(Working data Opens)
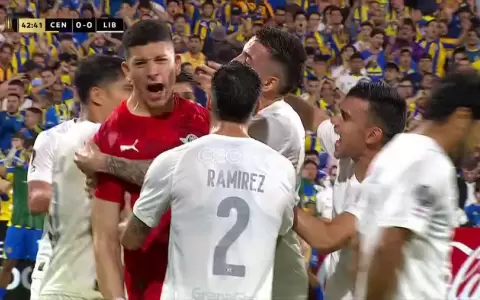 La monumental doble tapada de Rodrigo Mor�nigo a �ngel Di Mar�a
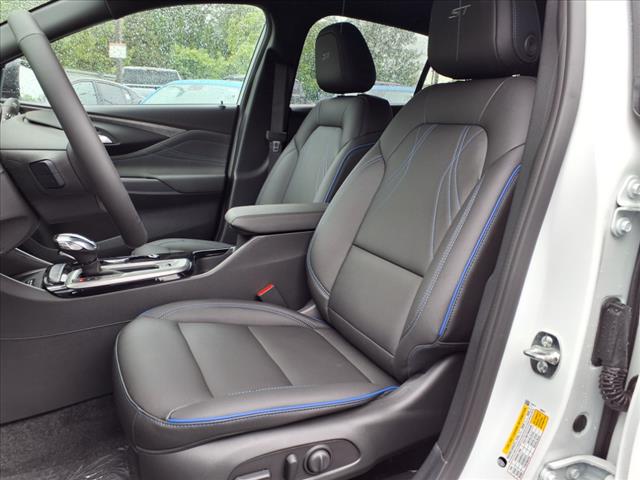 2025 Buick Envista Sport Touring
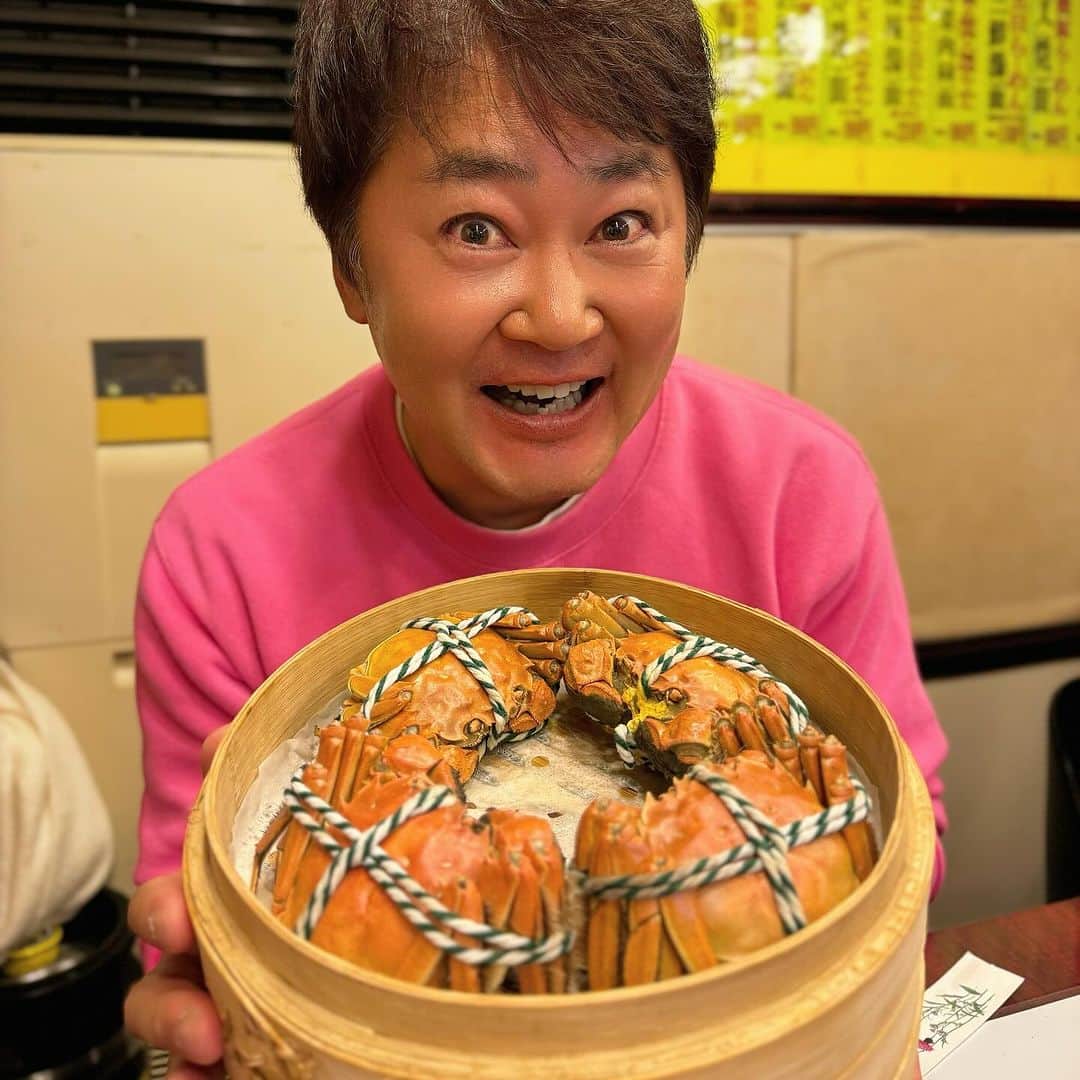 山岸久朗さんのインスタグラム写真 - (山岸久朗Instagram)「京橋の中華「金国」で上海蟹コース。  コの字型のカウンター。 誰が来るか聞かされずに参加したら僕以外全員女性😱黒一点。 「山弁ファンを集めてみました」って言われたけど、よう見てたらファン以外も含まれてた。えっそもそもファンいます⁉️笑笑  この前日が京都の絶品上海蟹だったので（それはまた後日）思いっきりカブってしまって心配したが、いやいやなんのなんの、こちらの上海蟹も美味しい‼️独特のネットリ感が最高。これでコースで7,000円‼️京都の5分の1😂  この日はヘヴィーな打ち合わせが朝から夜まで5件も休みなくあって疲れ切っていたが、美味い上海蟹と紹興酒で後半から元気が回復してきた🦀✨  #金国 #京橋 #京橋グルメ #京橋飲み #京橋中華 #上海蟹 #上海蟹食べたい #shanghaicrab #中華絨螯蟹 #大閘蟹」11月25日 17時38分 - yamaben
(Working data Closes)
(Working data Opens)
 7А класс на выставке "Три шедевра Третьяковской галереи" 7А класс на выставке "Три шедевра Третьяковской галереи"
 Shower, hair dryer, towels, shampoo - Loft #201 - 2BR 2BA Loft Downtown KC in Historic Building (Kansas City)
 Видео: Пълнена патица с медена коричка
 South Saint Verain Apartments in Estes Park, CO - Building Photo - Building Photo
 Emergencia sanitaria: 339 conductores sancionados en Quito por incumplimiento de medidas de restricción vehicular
(Working data Closes)
Task directions - The material above holds pictures; leave them out. Repeat exactly the lines from the one containing "La monumental doble" through the one containing "山岸久朗さんのインスタグラム写真 - (山岸久朗Instagram)「京橋の中華「金国」で上海蟹コース。", and nothing else.

Result of this task -
 La monumental doble tapada de Rodrigo Mor�nigo a �ngel Di Mar�a
 2025 Buick Envista Sport Touring
 山岸久朗さんのインスタグラム写真 - (山岸久朗Instagram)「京橋の中華「金国」で上海蟹コース。  コの字型のカウンター。 誰が来るか聞かされずに参加したら僕以外全員女性😱黒一点。 「山弁ファンを集めてみました」って言われたけど、よう見てたらファン以外も含まれてた。えっそもそもファンいます⁉️笑笑  この前日が京都の絶品上海蟹だったので（それはまた後日）思いっきりカブってしまって心配したが、いやいやなんのなんの、こちらの上海蟹も美味しい‼️独特のネットリ感が最高。これでコースで7,000円‼️京都の5分の1😂  この日はヘヴィーな打ち合わせが朝から夜まで5件も休みなくあって疲れ切っていたが、美味い上海蟹と紹興酒で後半から元気が回復してきた🦀✨  #金国 #京橋 #京橋グルメ #京橋飲み #京橋中華 #上海蟹 #上海蟹食べたい #shanghaicrab #中華絨螯蟹 #大閘蟹」11月25日 17時38分 - yamaben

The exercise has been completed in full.